A cave interior with several people standing on a ledge in the distance. There is a light shining along one side.
Fabrice Demeter

I have a kid about to pursue an anthropology major, so I’ve been hyper focused on all things anthropology lately. The field encompasses such a vast range of study and research and discovery, and this story is a perfect example. U of I Anthropology Professor Laura Shackelford, alongside Fabrice Demeter from University of Copehagen and a team of researchers, has invested 15 years of work in Tam Pa Ling cave in northeastern Laos. That work has revealed the existence of humans in that area for more that 70,000 years. From the College of Liberal Arts and Sciences:

In 2019, the team had excavated as far as they could in the cave, reaching bedrock about 23 feet (7 meters) below the surface. The excavations yielded dozens of animal bones and many fragments of human skeletal remains. The deepest human bone recovered – a partial tibia – was resting on bedrock near the bottom of the trench. Analyses of sediments taken not far above this bone indicate the soil was deposited there between 67,000 and 90,000 years ago.
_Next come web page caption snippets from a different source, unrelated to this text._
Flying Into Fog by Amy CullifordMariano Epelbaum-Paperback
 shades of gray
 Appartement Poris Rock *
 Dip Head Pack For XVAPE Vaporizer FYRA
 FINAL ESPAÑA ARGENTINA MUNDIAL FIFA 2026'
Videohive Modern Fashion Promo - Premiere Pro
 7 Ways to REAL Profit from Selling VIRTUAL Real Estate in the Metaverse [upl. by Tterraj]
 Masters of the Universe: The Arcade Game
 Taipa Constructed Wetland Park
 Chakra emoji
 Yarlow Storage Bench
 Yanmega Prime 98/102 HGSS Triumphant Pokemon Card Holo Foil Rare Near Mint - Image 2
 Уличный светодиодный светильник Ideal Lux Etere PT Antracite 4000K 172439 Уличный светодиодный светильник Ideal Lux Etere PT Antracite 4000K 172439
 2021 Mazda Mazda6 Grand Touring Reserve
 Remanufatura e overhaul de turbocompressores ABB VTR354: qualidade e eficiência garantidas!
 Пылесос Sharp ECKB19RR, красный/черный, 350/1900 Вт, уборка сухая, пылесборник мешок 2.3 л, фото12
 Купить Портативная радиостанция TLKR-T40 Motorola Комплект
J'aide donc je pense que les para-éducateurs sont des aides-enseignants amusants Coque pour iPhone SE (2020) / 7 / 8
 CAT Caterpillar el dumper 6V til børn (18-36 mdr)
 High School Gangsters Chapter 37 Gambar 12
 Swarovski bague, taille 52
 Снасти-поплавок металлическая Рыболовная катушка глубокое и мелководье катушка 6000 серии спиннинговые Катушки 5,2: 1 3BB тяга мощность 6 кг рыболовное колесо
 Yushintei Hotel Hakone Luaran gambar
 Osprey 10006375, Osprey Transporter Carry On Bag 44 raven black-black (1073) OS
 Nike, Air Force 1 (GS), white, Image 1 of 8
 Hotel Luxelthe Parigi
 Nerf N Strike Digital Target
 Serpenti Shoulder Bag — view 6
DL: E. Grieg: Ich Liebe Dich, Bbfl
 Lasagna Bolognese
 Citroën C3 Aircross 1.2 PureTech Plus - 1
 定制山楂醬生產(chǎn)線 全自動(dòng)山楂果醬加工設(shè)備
Years and years of floods had washed the sediment and bone into the cave. There were also two skull pieces found at the site.

I stumbled upon this story just a couple of days after watching the 2005 horror movies The Descent, in which six women go on this cave adventure in North Carolina and end up being attacked by humanoid type predatory creatures that have adapted to living in caves. It sort of turned me off of wanting to go into a cave for a while. But what these researchers are doing is super cool, and it’s probably not at all scary.

Their findings are published in the journal Nature Communications.